Sometimes when we’re planning something as familiar as a liturgy, clergy and musicians get impatient to ‘get it done.’ And so we begin without first asking questions of principle or reminding ourselves of why we’re doing what we’re doing, in other words we skip the ‘first things first’ that ‘principles’ would suggest and work from an implicit check list of what we ‘know,’ meaning what we’ve seen before. No principles and no questions makes what’s familiar seem obvious or inevitable.
In day to day living, some things actually are so obvious that doing them otherwise could only be a joke. We talk about ordinary people with ordinary routines in an old saying like, ‘Puts his pants on one leg at a time, just like anyone else.’ But liturgy requires that we work with other planners and shape and invite the willing participation of a whole congregation.

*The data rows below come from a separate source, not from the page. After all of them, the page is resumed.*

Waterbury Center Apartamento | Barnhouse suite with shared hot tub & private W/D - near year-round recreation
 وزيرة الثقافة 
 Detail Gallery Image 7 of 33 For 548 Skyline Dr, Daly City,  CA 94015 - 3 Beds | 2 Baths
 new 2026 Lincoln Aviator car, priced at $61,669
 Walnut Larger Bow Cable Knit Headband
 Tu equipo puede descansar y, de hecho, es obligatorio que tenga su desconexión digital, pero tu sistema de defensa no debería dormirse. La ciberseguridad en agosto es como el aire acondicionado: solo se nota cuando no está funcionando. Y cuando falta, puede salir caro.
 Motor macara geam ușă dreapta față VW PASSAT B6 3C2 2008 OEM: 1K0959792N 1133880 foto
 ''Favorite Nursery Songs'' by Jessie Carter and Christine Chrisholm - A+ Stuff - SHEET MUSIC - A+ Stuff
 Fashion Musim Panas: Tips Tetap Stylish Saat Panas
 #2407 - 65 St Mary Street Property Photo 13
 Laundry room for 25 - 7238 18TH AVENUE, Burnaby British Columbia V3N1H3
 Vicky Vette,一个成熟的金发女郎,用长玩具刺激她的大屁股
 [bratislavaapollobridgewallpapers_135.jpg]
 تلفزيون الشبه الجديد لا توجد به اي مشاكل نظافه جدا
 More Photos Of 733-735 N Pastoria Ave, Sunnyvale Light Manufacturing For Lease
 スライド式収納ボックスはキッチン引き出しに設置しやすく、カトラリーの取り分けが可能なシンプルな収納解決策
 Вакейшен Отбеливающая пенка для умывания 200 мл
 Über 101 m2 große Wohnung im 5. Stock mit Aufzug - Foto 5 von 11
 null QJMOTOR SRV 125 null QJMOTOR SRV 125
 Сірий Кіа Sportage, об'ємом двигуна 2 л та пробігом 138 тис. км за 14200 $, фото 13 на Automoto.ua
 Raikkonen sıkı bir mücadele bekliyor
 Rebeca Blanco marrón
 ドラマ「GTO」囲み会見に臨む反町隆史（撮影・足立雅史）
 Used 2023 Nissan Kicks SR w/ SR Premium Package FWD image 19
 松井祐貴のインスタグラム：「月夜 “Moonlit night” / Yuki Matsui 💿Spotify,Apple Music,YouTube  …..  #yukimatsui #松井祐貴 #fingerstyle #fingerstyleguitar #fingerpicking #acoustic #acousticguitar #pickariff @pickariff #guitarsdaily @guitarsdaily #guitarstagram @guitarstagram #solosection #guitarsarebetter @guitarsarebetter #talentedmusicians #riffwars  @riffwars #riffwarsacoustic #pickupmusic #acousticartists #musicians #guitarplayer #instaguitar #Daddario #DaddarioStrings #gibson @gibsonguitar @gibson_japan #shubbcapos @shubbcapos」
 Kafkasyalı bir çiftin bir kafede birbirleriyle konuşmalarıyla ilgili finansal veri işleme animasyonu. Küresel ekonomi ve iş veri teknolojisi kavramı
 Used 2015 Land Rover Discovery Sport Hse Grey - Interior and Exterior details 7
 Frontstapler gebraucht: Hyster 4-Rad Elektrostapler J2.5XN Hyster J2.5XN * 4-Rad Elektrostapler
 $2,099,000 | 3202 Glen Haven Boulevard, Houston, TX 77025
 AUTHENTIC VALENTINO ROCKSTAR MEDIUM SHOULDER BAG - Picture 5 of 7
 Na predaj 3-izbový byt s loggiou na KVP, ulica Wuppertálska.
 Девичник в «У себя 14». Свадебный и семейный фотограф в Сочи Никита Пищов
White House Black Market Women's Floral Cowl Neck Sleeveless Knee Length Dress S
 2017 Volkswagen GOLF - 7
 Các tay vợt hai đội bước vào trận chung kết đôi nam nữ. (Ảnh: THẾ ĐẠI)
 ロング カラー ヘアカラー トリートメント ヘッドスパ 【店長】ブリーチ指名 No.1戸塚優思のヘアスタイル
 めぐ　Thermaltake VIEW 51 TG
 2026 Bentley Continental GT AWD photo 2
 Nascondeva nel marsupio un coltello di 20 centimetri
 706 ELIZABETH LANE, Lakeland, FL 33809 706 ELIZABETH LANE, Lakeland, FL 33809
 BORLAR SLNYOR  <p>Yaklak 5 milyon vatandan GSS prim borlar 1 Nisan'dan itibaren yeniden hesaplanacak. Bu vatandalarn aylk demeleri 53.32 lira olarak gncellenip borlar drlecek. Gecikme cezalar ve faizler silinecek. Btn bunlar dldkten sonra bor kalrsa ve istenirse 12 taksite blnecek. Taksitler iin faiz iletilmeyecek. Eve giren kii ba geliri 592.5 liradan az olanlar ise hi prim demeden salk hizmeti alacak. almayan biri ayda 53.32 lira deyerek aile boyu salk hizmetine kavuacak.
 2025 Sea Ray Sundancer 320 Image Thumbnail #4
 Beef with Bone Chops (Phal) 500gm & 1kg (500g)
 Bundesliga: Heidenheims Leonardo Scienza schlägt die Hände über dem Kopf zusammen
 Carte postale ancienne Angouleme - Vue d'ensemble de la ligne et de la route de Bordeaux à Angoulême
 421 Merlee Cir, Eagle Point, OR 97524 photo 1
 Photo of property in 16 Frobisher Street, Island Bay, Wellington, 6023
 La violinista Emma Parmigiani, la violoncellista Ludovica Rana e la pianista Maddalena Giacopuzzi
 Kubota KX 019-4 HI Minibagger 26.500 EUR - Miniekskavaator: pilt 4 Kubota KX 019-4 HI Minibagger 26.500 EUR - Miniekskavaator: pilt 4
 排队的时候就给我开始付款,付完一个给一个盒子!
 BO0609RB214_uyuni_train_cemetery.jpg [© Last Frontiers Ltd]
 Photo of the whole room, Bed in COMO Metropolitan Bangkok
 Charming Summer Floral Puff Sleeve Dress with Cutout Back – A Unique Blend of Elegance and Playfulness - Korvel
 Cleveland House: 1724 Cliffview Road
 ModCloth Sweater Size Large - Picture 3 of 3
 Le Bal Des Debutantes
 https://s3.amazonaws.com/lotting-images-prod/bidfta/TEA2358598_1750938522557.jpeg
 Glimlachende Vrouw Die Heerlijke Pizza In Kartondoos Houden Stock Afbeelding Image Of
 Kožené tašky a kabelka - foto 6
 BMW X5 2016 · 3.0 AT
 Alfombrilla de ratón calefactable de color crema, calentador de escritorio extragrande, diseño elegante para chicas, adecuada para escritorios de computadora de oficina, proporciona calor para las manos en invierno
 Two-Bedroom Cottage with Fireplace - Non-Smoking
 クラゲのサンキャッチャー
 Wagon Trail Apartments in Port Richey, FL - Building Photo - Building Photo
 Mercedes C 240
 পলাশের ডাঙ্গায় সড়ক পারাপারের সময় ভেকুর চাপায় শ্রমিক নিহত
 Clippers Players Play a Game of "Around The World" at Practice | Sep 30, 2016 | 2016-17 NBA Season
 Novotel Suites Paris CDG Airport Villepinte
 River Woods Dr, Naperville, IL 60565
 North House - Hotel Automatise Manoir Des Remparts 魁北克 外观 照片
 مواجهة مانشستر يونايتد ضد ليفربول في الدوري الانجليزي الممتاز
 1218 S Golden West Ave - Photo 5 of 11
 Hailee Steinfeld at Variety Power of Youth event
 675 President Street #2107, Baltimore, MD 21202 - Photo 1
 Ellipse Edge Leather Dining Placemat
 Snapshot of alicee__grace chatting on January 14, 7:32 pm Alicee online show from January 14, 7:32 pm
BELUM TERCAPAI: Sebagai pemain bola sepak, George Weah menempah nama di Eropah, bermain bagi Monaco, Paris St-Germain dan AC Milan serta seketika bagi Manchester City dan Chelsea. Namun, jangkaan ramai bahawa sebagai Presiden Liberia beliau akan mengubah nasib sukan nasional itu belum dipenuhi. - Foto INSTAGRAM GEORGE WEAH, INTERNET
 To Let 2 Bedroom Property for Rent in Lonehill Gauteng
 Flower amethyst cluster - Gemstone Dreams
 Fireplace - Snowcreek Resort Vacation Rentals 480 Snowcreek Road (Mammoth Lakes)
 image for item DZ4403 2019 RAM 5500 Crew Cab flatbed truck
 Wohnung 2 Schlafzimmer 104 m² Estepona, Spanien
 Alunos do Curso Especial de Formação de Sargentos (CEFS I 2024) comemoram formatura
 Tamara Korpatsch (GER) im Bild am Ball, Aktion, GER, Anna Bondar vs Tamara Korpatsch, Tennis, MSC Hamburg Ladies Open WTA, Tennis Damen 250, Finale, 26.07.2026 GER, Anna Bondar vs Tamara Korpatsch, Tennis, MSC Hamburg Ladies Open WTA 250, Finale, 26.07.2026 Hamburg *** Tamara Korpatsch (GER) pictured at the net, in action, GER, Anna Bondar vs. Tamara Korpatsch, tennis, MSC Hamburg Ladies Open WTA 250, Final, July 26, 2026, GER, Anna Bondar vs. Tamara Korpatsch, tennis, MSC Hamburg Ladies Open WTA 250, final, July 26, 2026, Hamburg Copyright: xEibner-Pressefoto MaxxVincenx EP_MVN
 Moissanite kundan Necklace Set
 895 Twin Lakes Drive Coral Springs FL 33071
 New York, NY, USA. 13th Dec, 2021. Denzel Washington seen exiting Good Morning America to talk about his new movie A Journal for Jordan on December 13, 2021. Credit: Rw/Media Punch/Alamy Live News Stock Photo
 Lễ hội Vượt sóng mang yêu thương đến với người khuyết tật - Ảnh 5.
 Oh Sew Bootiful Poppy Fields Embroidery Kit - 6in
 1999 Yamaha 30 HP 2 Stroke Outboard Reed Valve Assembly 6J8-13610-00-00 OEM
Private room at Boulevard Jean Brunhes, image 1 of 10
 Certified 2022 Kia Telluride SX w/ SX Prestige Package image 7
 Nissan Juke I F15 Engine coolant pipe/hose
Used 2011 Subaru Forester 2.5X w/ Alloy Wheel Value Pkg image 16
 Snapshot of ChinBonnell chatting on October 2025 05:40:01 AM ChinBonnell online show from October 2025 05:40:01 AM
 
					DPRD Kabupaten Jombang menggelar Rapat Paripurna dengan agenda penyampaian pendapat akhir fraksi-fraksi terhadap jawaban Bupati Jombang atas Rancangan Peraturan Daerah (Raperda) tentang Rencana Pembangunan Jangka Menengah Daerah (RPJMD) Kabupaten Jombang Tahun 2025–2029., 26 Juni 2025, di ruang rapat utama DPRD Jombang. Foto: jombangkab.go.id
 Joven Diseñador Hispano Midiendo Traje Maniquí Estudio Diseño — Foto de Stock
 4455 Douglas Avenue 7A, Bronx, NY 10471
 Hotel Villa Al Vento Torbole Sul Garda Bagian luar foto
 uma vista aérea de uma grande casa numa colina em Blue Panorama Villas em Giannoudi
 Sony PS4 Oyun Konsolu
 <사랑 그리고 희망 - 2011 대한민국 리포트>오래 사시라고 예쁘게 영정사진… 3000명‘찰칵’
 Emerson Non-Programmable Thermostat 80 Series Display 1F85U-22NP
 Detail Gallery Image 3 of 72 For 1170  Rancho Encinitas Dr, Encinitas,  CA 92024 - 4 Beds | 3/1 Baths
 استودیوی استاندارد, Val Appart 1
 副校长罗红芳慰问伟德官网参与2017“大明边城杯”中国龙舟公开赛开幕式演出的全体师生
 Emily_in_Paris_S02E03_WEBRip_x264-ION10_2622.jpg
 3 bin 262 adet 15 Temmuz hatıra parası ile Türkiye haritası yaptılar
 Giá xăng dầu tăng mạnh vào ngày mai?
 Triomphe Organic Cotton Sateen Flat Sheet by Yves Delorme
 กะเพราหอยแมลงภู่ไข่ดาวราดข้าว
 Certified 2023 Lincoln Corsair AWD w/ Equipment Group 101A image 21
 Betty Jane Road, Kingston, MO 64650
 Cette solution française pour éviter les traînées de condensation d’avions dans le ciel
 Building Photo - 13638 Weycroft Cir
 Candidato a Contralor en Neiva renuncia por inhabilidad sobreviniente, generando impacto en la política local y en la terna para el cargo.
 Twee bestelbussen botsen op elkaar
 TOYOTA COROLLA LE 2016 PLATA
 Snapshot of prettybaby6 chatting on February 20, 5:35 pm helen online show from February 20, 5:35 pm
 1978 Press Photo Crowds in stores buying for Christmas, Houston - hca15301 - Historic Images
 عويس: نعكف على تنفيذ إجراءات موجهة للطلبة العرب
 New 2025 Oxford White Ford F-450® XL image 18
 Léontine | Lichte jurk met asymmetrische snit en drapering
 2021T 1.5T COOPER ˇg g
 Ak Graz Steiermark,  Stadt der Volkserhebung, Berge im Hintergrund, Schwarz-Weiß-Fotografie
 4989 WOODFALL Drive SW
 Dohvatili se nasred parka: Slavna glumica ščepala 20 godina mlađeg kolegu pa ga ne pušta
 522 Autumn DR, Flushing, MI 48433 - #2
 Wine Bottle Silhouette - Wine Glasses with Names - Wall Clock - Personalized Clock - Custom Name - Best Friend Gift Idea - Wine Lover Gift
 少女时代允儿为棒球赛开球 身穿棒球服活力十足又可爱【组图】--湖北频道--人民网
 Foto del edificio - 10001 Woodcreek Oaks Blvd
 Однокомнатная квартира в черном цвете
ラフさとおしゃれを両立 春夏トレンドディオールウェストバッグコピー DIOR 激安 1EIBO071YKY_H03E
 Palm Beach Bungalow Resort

Horse. Horsecart. Harness. Driver. Wagon load. Road. Direction. Push/pull. More complex and collaborative tasks can lead us to methodical blunders, like harnessing the horse to push the cart rather than pull it. Gently, we’d like to suggest that planning liturgy Sunday by Sunday without steady development and re-examination of principles of what we intend to do and what we have learned works and why makes as little sense as putting the cart before (ahead of) the horse.
My hope is that we can find the patience and curiosity look freshly at church practice, contemporary problems, and older practices (tradition) to find deliberate principles for the church’s Sunday gathering. With God's help we will.